**INSTRUCTIONS FOR THE TASK**
Please copy the lines below, exactly as they are, from the one with "Завдяки перевиконанню обласного" through the one with "5 li Dolu Dolu Meze Tabağı", and leave out the pictures.

-------- LISTED ENTRIES

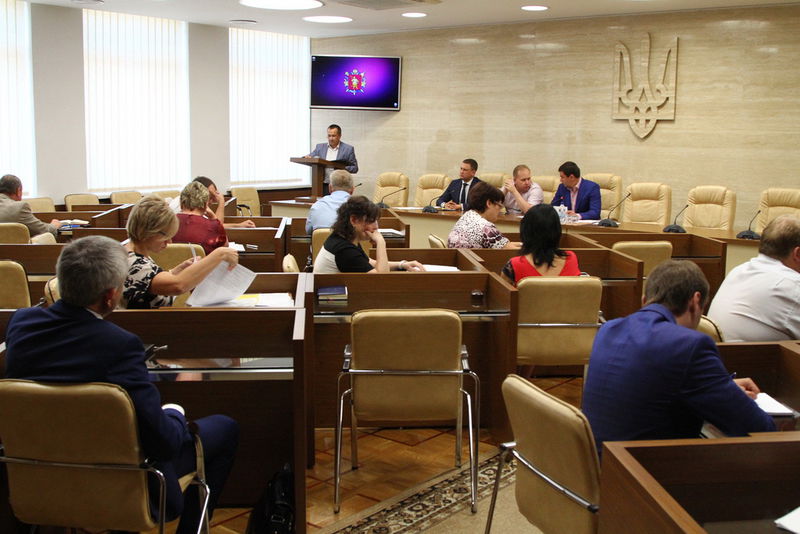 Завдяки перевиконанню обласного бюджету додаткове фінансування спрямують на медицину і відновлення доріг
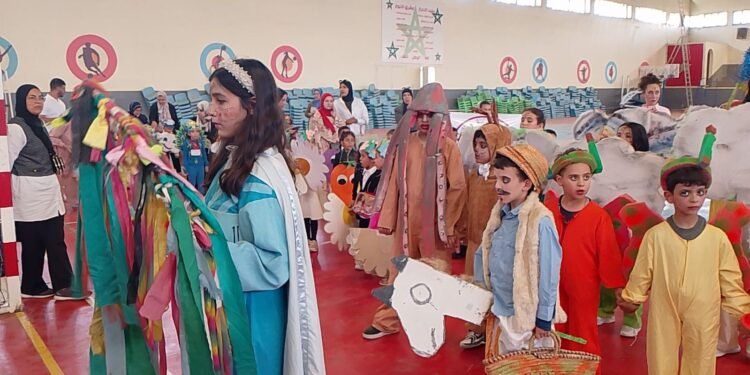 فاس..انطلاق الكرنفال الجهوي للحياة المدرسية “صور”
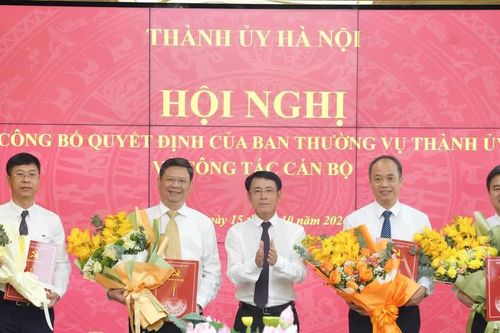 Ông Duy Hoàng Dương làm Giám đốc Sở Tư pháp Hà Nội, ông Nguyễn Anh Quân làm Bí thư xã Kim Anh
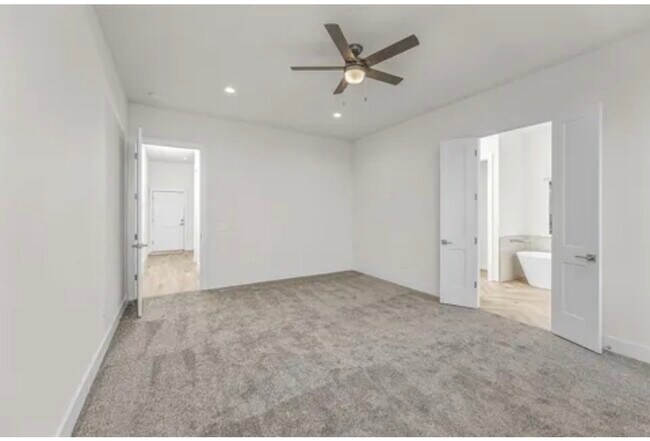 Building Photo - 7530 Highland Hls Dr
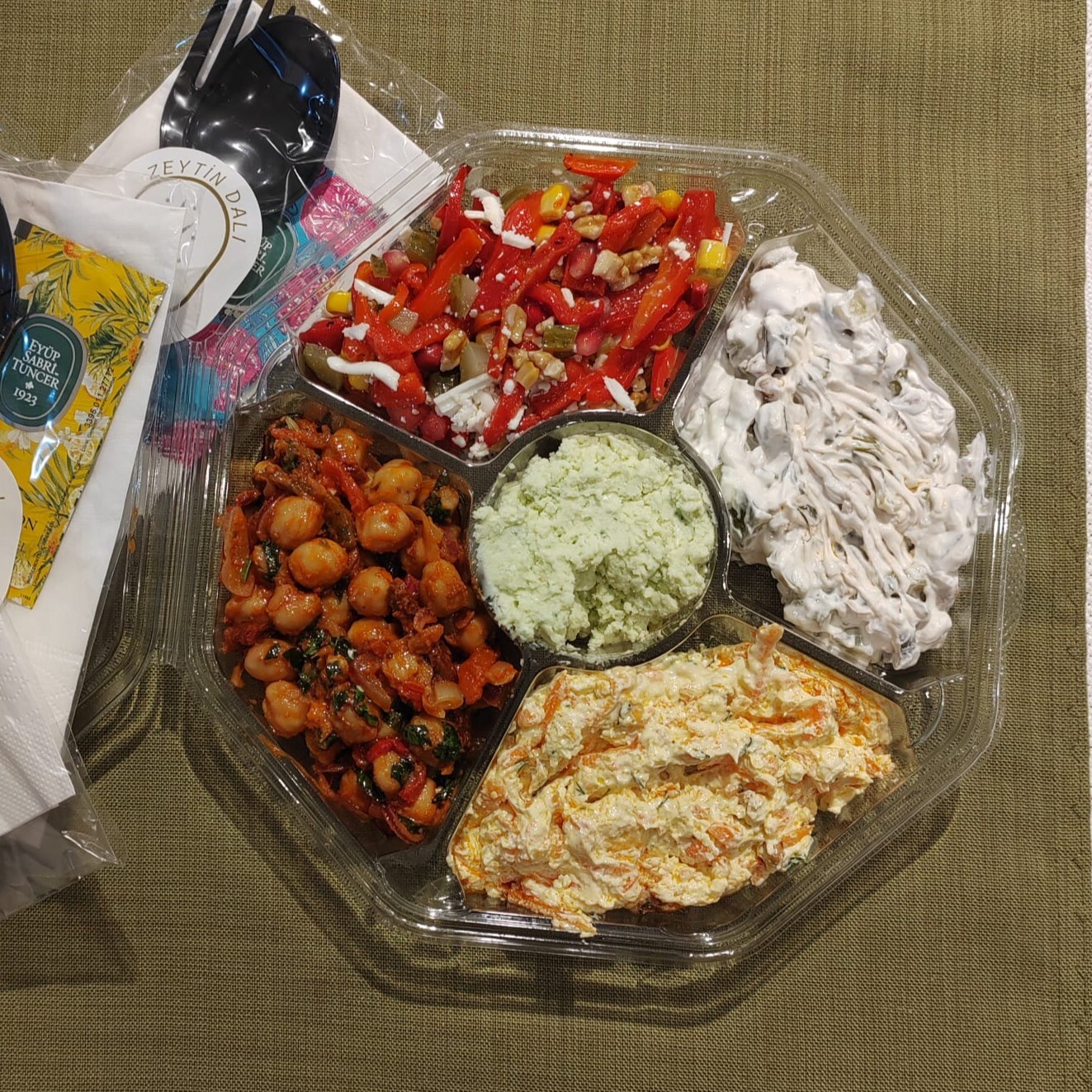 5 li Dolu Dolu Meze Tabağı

----------------
-------- LISTED ENTRIES

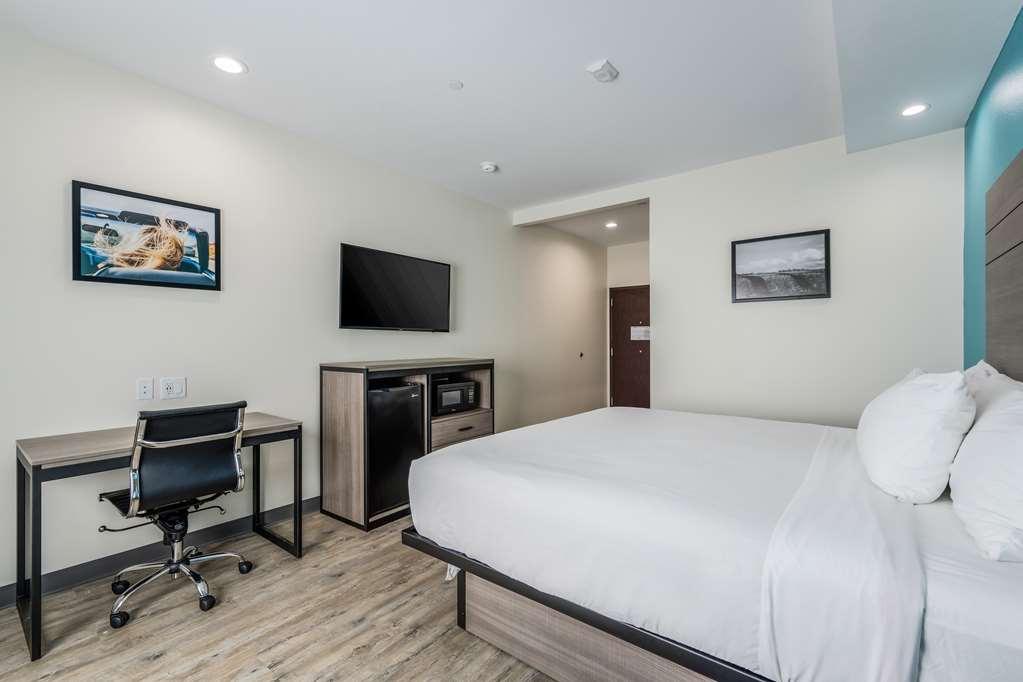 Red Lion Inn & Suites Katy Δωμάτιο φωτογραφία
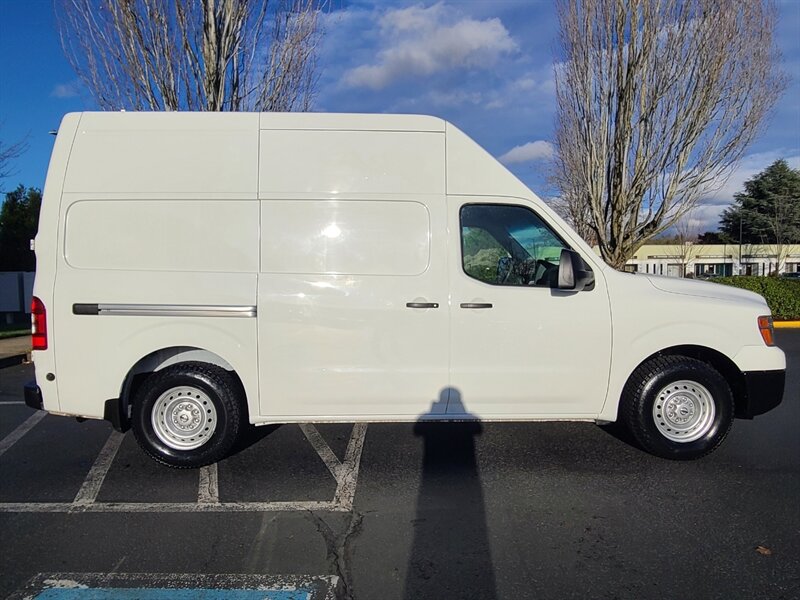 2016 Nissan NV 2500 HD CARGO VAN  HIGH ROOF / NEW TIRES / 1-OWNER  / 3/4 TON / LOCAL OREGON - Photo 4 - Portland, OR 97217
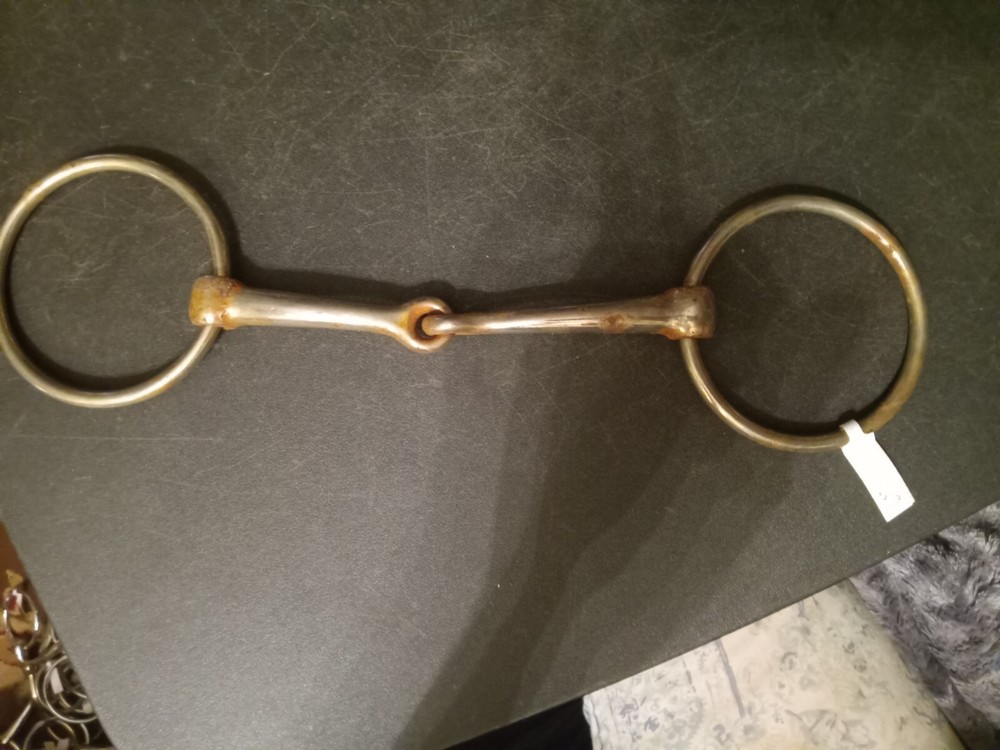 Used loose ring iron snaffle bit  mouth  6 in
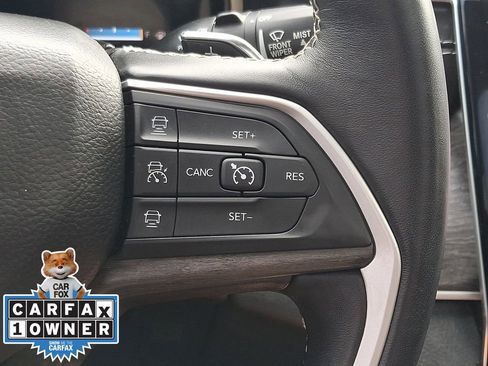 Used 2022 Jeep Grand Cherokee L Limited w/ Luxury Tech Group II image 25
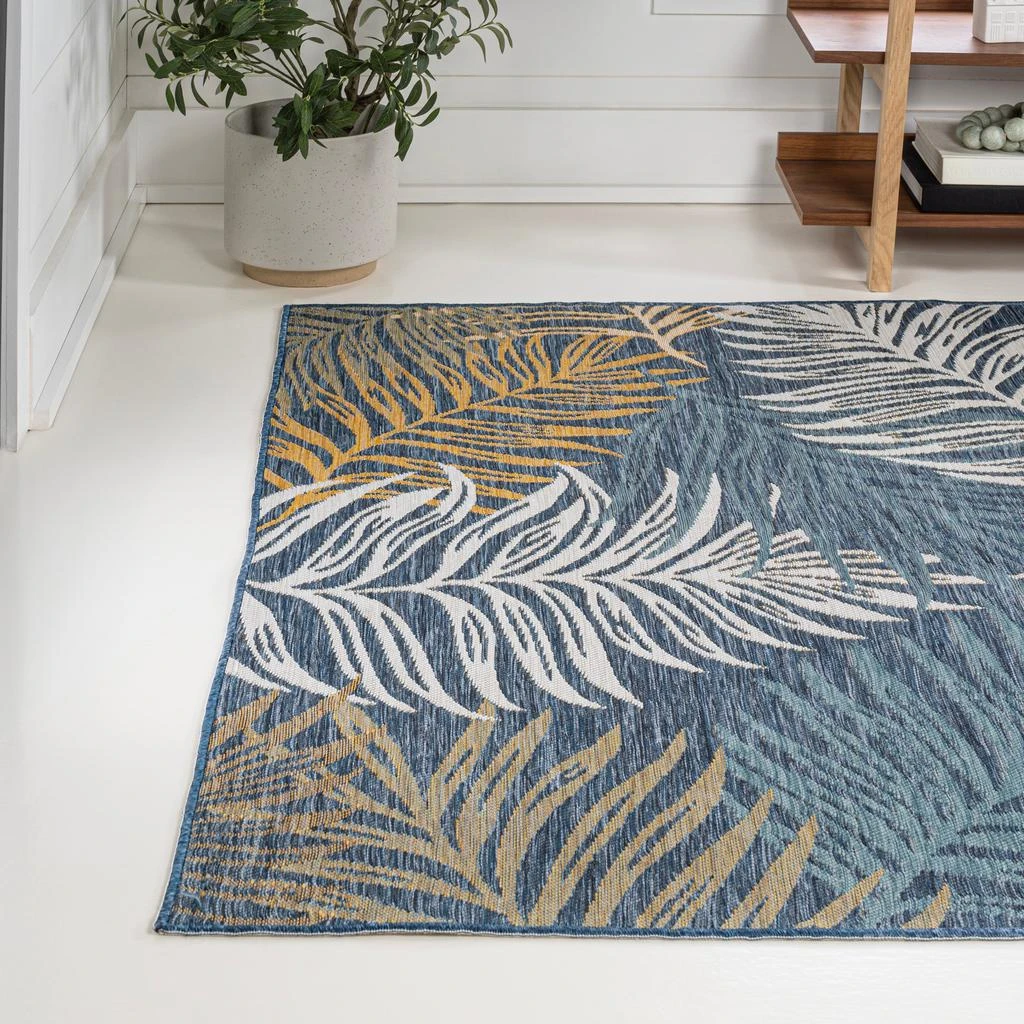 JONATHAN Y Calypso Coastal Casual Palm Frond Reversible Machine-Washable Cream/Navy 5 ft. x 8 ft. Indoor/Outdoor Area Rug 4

----------------

**RESULT FOR THIS EXERCISE**
 Завдяки перевиконанню обласного бюджету додаткове фінансування спрямують на медицину і відновлення доріг
 فاس..انطلاق الكرنفال الجهوي للحياة المدرسية “صور”
 Ông Duy Hoàng Dương làm Giám đốc Sở Tư pháp Hà Nội, ông Nguyễn Anh Quân làm Bí thư xã Kim Anh
 Building Photo - 7530 Highland Hls Dr
 5 li Dolu Dolu Meze Tabağı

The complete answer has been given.